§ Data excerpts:
*-*-*

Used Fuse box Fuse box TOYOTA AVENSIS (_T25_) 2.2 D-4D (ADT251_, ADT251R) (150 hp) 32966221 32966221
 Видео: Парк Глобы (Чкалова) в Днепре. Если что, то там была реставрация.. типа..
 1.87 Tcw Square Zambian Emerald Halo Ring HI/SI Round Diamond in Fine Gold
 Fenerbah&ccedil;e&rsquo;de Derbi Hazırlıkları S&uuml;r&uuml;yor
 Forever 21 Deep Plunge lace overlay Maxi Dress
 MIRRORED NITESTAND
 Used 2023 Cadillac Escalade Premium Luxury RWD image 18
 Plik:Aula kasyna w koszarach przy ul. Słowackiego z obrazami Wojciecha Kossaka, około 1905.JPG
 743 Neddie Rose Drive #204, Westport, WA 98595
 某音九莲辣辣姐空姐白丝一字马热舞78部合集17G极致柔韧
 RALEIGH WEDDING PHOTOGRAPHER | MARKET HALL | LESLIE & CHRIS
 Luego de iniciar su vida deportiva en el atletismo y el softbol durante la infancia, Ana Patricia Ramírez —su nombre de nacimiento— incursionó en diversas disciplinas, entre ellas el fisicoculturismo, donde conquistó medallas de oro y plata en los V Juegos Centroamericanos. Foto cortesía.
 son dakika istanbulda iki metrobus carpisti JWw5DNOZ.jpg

*-*-*

§ WORK ITEM:
Your task is to write out every record exactly.

§ SOLUTION FOR THIS EXERCISE:
Used Fuse box Fuse box TOYOTA AVENSIS (_T25_) 2.2 D-4D (ADT251_, ADT251R) (150 hp) 32966221 32966221
 Видео: Парк Глобы (Чкалова) в Днепре. Если что, то там была реставрация.. типа..
 1.87 Tcw Square Zambian Emerald Halo Ring HI/SI Round Diamond in Fine Gold
 Fenerbah&ccedil;e&rsquo;de Derbi Hazırlıkları S&uuml;r&uuml;yor
 Forever 21 Deep Plunge lace overlay Maxi Dress
 MIRRORED NITESTAND
 Used 2023 Cadillac Escalade Premium Luxury RWD image 18
 Plik:Aula kasyna w koszarach przy ul. Słowackiego z obrazami Wojciecha Kossaka, około 1905.JPG
 743 Neddie Rose Drive #204, Westport, WA 98595
 某音九莲辣辣姐空姐白丝一字马热舞78部合集17G极致柔韧
 RALEIGH WEDDING PHOTOGRAPHER | MARKET HALL | LESLIE & CHRIS
 Luego de iniciar su vida deportiva en el atletismo y el softbol durante la infancia, Ana Patricia Ramírez —su nombre de nacimiento— incursionó en diversas disciplinas, entre ellas el fisicoculturismo, donde conquistó medallas de oro y plata en los V Juegos Centroamericanos. Foto cortesía.
 son dakika istanbulda iki metrobus carpisti JWw5DNOZ.jpg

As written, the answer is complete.